▸ **Assigned task**: The entries below must be retyped in full. Keep every word the same.

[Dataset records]
━━━━━━━━━━━━━━━━━━━━

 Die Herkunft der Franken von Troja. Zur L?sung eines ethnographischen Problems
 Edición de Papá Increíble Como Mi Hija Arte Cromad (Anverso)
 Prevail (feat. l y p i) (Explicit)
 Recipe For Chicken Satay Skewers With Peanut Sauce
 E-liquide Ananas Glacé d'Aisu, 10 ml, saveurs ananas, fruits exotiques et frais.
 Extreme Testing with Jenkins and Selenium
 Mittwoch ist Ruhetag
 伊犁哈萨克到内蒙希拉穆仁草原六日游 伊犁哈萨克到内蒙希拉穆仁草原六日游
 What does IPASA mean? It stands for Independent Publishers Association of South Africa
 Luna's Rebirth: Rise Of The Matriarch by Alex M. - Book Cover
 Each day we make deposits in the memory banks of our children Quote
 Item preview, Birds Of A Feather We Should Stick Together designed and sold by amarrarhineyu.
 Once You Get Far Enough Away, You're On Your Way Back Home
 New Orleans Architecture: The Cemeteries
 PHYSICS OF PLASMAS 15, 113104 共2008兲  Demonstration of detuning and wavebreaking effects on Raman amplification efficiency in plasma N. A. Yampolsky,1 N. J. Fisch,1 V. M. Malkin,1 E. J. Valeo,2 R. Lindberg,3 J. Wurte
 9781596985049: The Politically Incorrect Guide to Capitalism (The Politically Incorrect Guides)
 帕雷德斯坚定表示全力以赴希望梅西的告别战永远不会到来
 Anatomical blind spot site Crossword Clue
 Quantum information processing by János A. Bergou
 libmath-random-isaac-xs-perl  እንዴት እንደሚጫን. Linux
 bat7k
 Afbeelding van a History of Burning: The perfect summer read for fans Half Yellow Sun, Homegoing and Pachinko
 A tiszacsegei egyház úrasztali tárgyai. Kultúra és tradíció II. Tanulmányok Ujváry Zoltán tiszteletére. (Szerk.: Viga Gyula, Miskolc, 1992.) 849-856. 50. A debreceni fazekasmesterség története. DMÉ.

━━━━━━━━━━━━━━━━━━━━

▸ **Expected output**:
 Die Herkunft der Franken von Troja. Zur L?sung eines ethnographischen Problems
 Edición de Papá Increíble Como Mi Hija Arte Cromad (Anverso)
 Prevail (feat. l y p i) (Explicit)
 Recipe For Chicken Satay Skewers With Peanut Sauce
 E-liquide Ananas Glacé d'Aisu, 10 ml, saveurs ananas, fruits exotiques et frais.
 Extreme Testing with Jenkins and Selenium
 Mittwoch ist Ruhetag
 伊犁哈萨克到内蒙希拉穆仁草原六日游 伊犁哈萨克到内蒙希拉穆仁草原六日游
 What does IPASA mean? It stands for Independent Publishers Association of South Africa
 Luna's Rebirth: Rise Of The Matriarch by Alex M. - Book Cover
 Each day we make deposits in the memory banks of our children Quote
 Item preview, Birds Of A Feather We Should Stick Together designed and sold by amarrarhineyu.
 Once You Get Far Enough Away, You're On Your Way Back Home
 New Orleans Architecture: The Cemeteries
 PHYSICS OF PLASMAS 15, 113104 共2008兲  Demonstration of detuning and wavebreaking effects on Raman amplification efficiency in plasma N. A. Yampolsky,1 N. J. Fisch,1 V. M. Malkin,1 E. J. Valeo,2 R. Lindberg,3 J. Wurte
 9781596985049: The Politically Incorrect Guide to Capitalism (The Politically Incorrect Guides)
 帕雷德斯坚定表示全力以赴希望梅西的告别战永远不会到来
 Anatomical blind spot site Crossword Clue
 Quantum information processing by János A. Bergou
 libmath-random-isaac-xs-perl  እንዴት እንደሚጫን. Linux
 bat7k
 Afbeelding van a History of Burning: The perfect summer read for fans Half Yellow Sun, Homegoing and Pachinko
 A tiszacsegei egyház úrasztali tárgyai. Kultúra és tradíció II. Tanulmányok Ujváry Zoltán tiszteletére. (Szerk.: Viga Gyula, Miskolc, 1992.) 849-856. 50. A debreceni fazekasmesterség története. DMÉ.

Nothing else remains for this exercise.